STORED DATA:
----
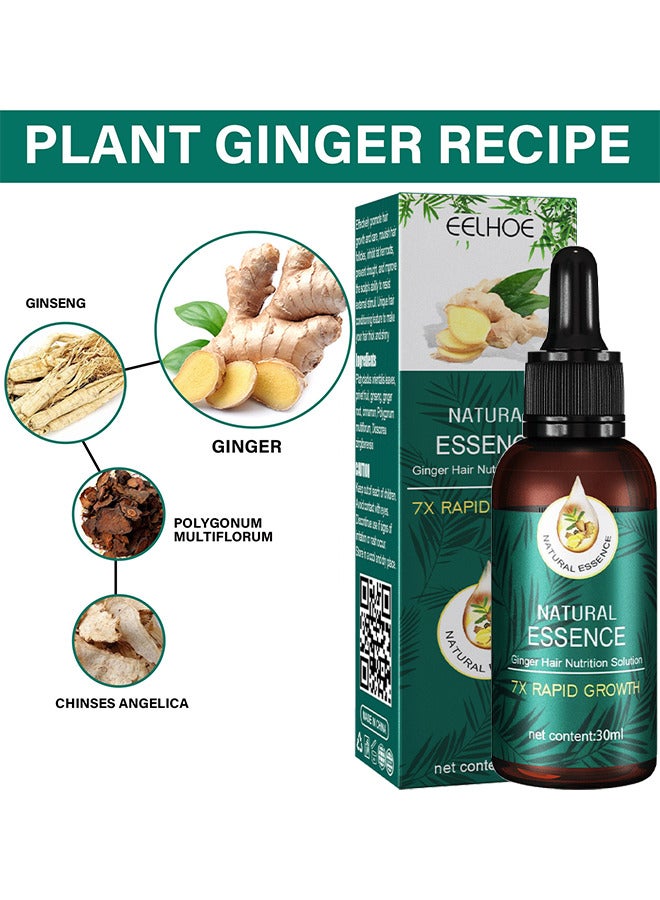 EELHOE Natural Ginger Hair Nutrition Essence Oil, 7X Rapid Growth, Natural Hair Regrōwth Serum For Women And Men, Anti-Frizz Hair Serum, Light And Non-Greasy, Hair Serum Organic Hair Longer Fuller 30ML  - Image 3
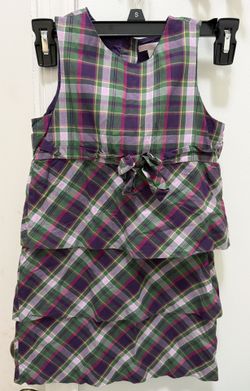 Girl Janie and Jack, size 6, plaid tiered sleeveless dress with bow.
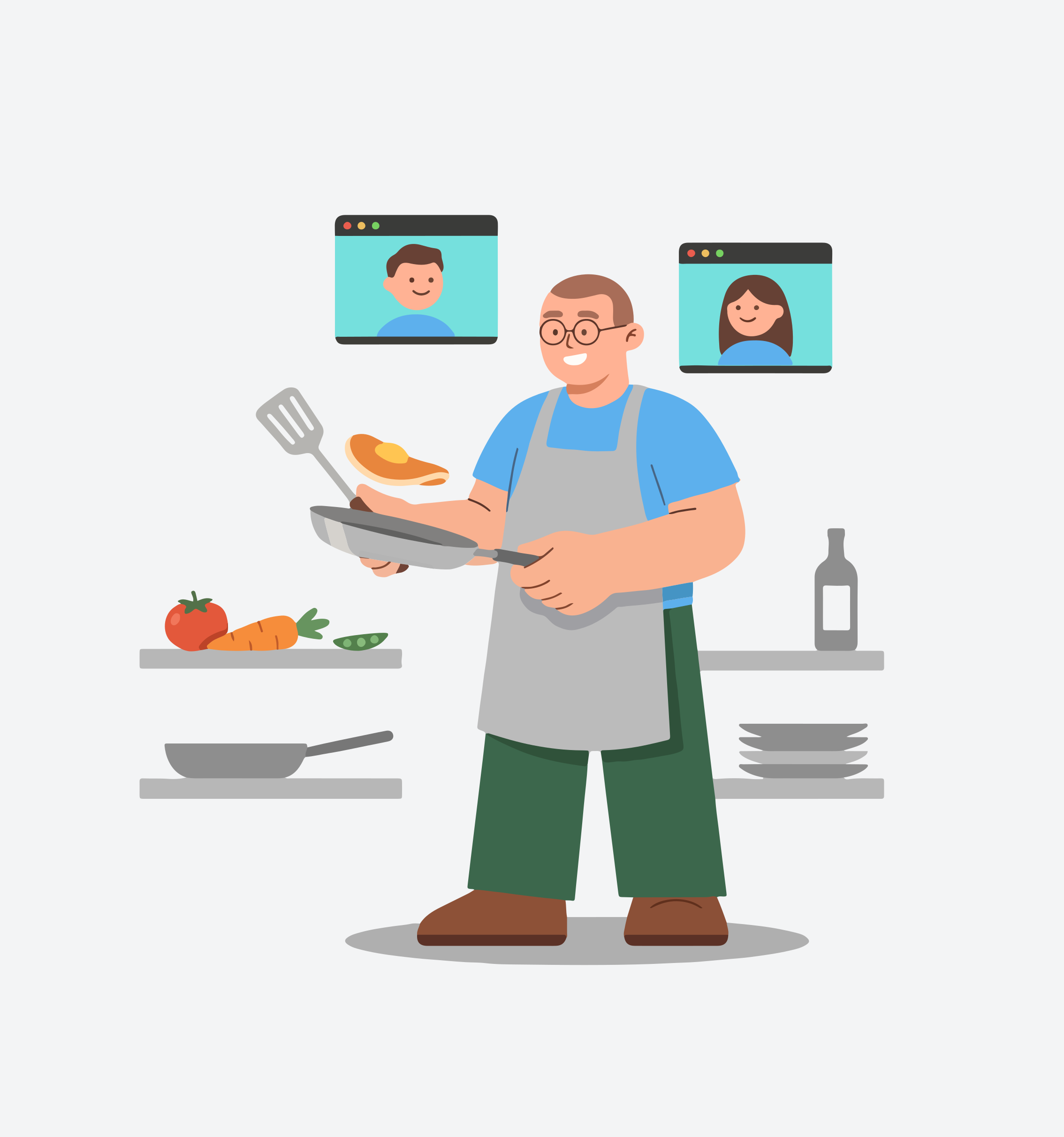 Hombre cocinando con espectadores en pantalla
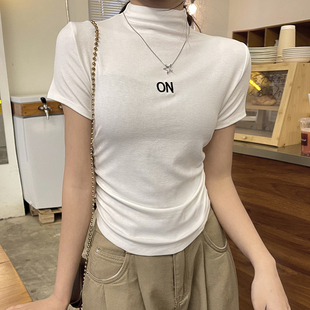 韩版白色字母刺绣半高领短袖t恤女夏季小个子不规则下摆上衣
----
YOUR TASK: Copy exactly, and copy only, the lines from the one bearing "Girl Janie and" through the closing line of the material, with both ends kept and pictures removed.

FINAL ANSWER:
 Girl Janie and Jack, size 6, plaid tiered sleeveless dress with bow.
 Hombre cocinando con espectadores en pantalla
 韩版白色字母刺绣半高领短袖t恤女夏季小个子不规则下摆上衣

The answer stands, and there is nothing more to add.